If I am interpreting you correctly, I would essentially be trying to polish a turd unless I abandon the original schematic, go with the RH807 scheme, use UL OPT and sub the 6N1 with the 12AT7?

I am a luddite. If you would, explain "G2". Are you referring to the second ground, next to the rectifier?

I went ahead and bought the kit. My plan is to build the kit as it is, listen to it, understand or learn why the circuit is or is not a POS, and then make any suggested changes. This kit looks sparse enough that it could be gutted with relative ease and reworked.

Any suggestions for OPT with UL? Edcore perhaps?
 
Go ahead and build it with the original schematic, you're out nothing there. An upgrade path would possibly be the RH807 schematic, but BinaryMike brings up concerns that the original schematic is based on an inferior output transformer and would be best used as presented.

The RH schematics do not use a UL tap, I suggested them to use what iron is available. If one did go the RH route, they might consider experimenting with the input tube, hence the suggestion of the 12AT7 (which the RH schematic specifically calls for).

G2 is the second grid of the pentode output, it's a physical feature of the tube.
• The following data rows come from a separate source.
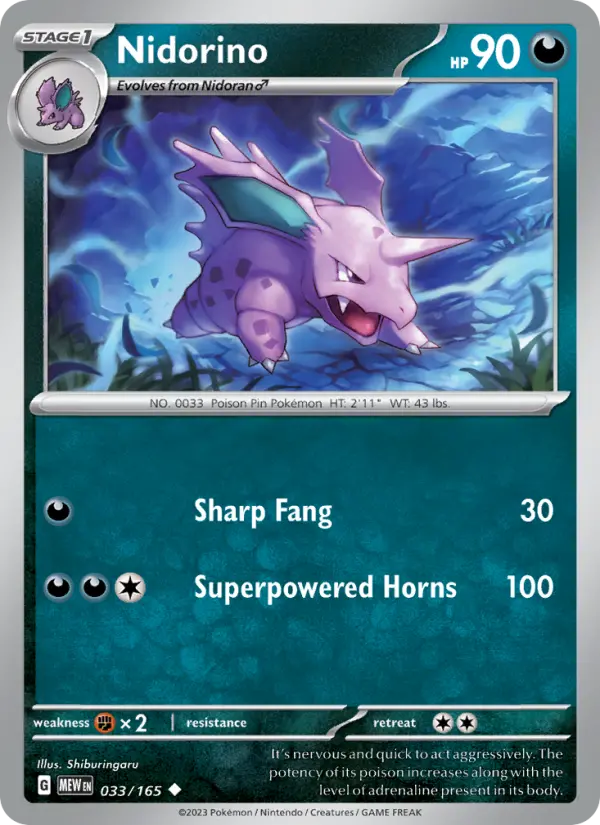Nidorino - 033 - 151 - LevelupCards.nl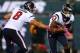 EAST RUTHERFORD, NJ - OCTOBER 08: Quarterback Matt Schaub #8 of the Houston Texans hands the ball off to Arian Foster #23 against the New York Jets at MetLife Stadium on October 8, 2012 in East Rutherford, New Jersey. (Photo by Elsa/Getty Images)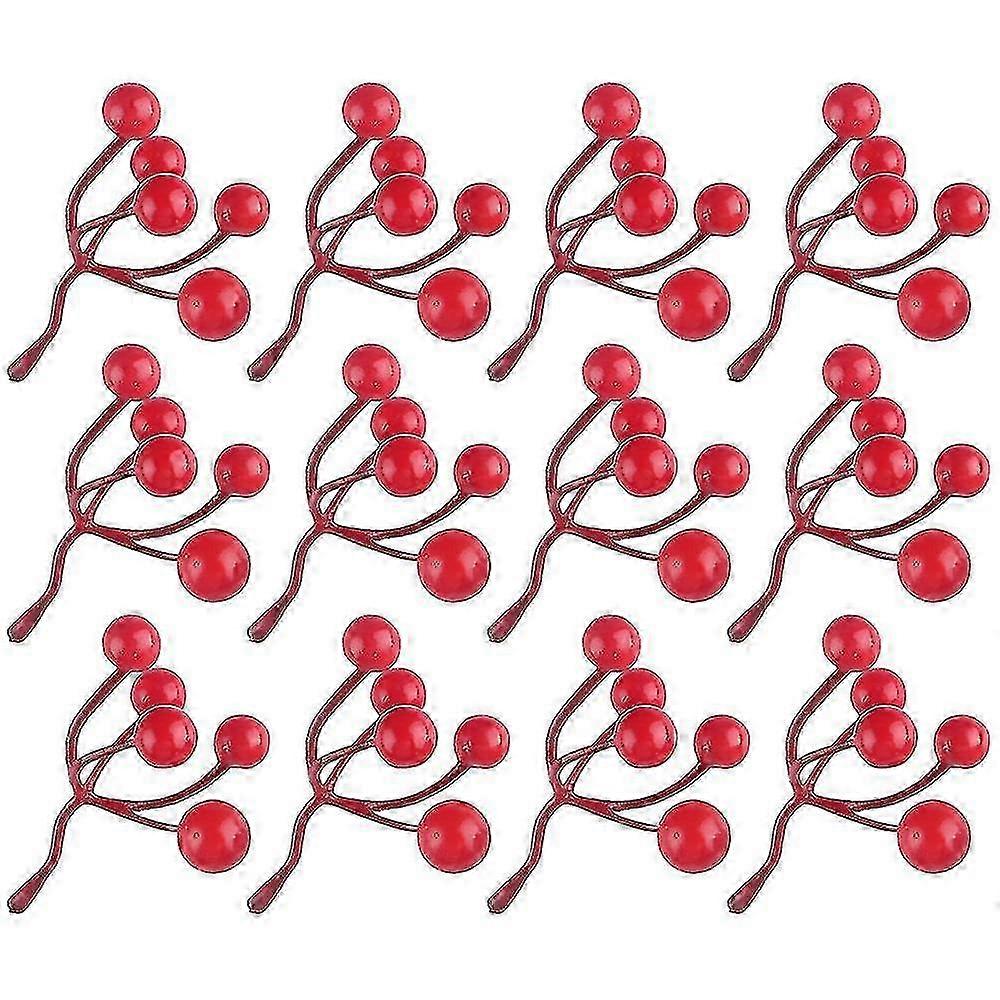 12 Pieces Artificial Berry Decor For Christmas Tree Branches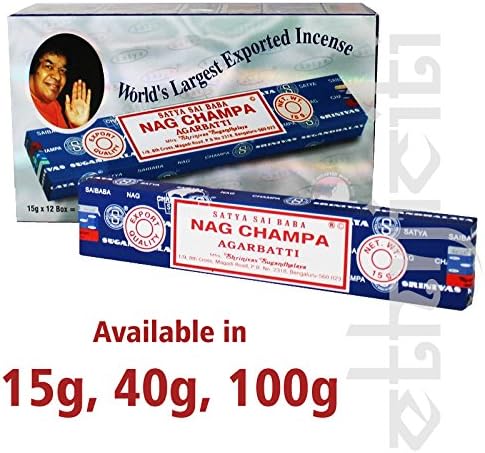 ETHNICITI Satya Sai Baba Nag Champa 15g, 40g, 100g Incense Sticks Joss in 1, 4, 8, 12 Packs (1 Pack, 100g)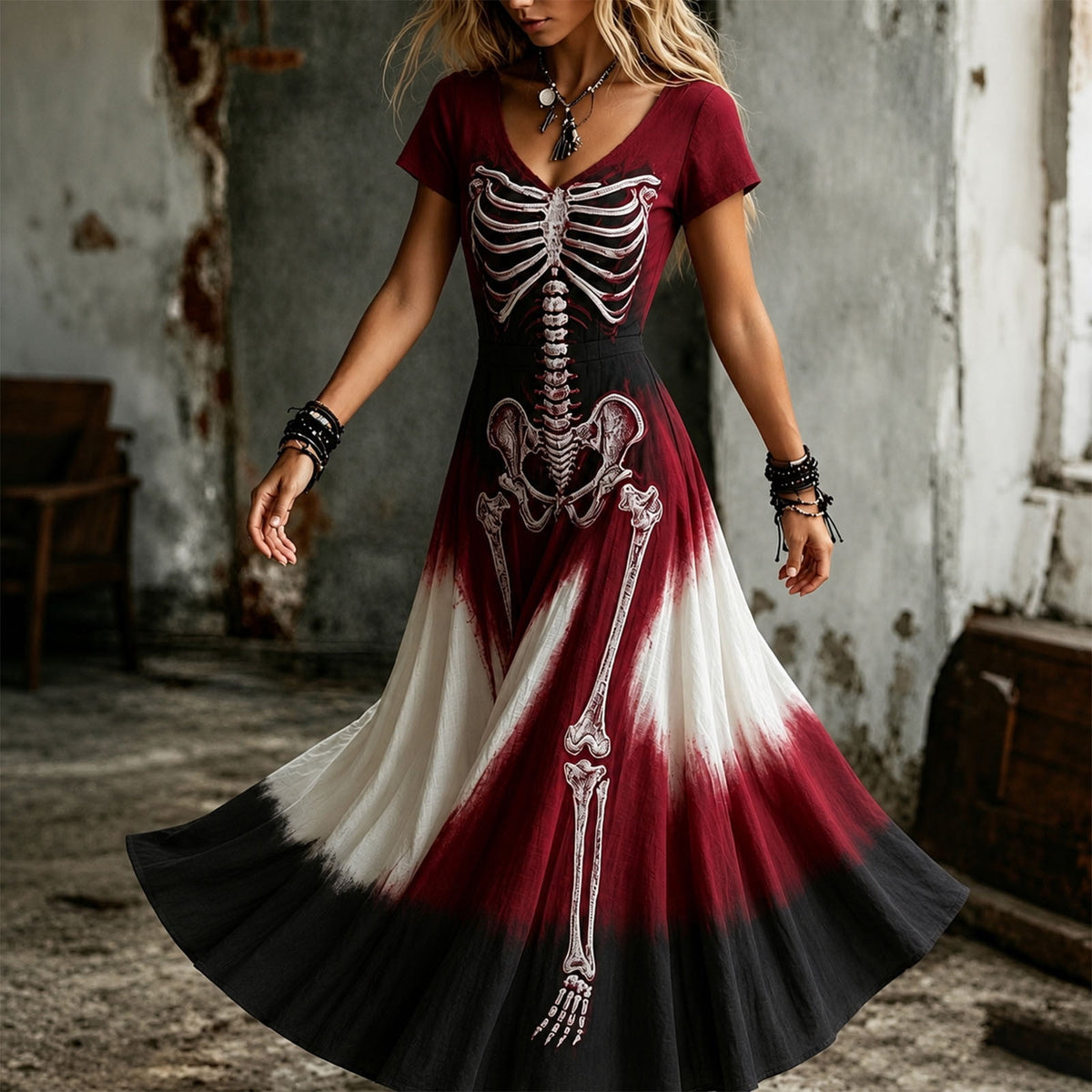 KICILVS Gothic Clothes For Women Black Spiderweb And Spider Print Flowing V Neck Long Maxi Dress Halloween Cosplay Gothic Party Dress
Go ahead and get the kit and experiment, looks like a good deal to play with tubes!
 
Thanks Squidward.

I will build it as is. Then I will study the RH807 schematic.

Shematics are my weak point. This is not my first tube amp. I built one of Bob Latinos ST-70's, but I learned nothing about schematics from the build. His instructions are very well laid out, like a paint by numbers kit. Solder this, solder that, check the volts here, bias there & listen.

Just so I can be crystal clear...

BinaryMike brings up concerns that the original schematic is based on an inferior output transformer and would be best used as presented.

The Chinese scheme or the RH? I'm assuming the Chinese one.
 
I'm sure it can't be beat for the price. I think there are only two wires to move if you do change to 12AT7.